Let's consider our face recognition example again. FaceNet, a 2014 paper from Google, tackled it with the help of deep learning. FaceNet implemented the whole application using two deep networks. The first network was to identify the feature set from faces and the second network was to use this feature set and recognize the face (technically speaking, classifying the face into different buckets). Essentially, the first network was doing what we did before and the second network was a simple and traditional machine learning algorithm.

Deep networks are capable of identifying features from datasets, provided we have large labeled datasets. FaceNet's first network was trained with a huge dataset of faces with corresponding labels. The first network was trained to predict 128 features (generally speaking, there are 128 measurements from our faces, like the distance between the left eye and the right eye) from every face and the second network just used these 128 features to recognize a person.

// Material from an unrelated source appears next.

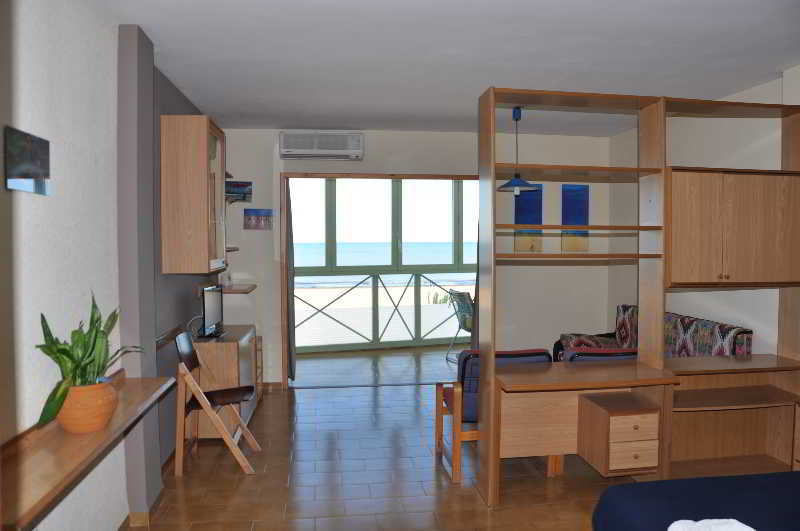 Apartamentos Acuario Дения Экстерьер фото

Figure 1.9: A simple neural network

A simple neural network has a single hidden layer, an input layer, and an output layer. Theoretically, a single hidden layer should be able to approximate any complex mathematical equation, and we should be fine with a single layer. However, it turns out that the single hidden layer theory is not so practical. In deep networks, each layer is responsible for finding some features. Initial layers find more detailed features, and final layers abstract these detailed features and find high-level features.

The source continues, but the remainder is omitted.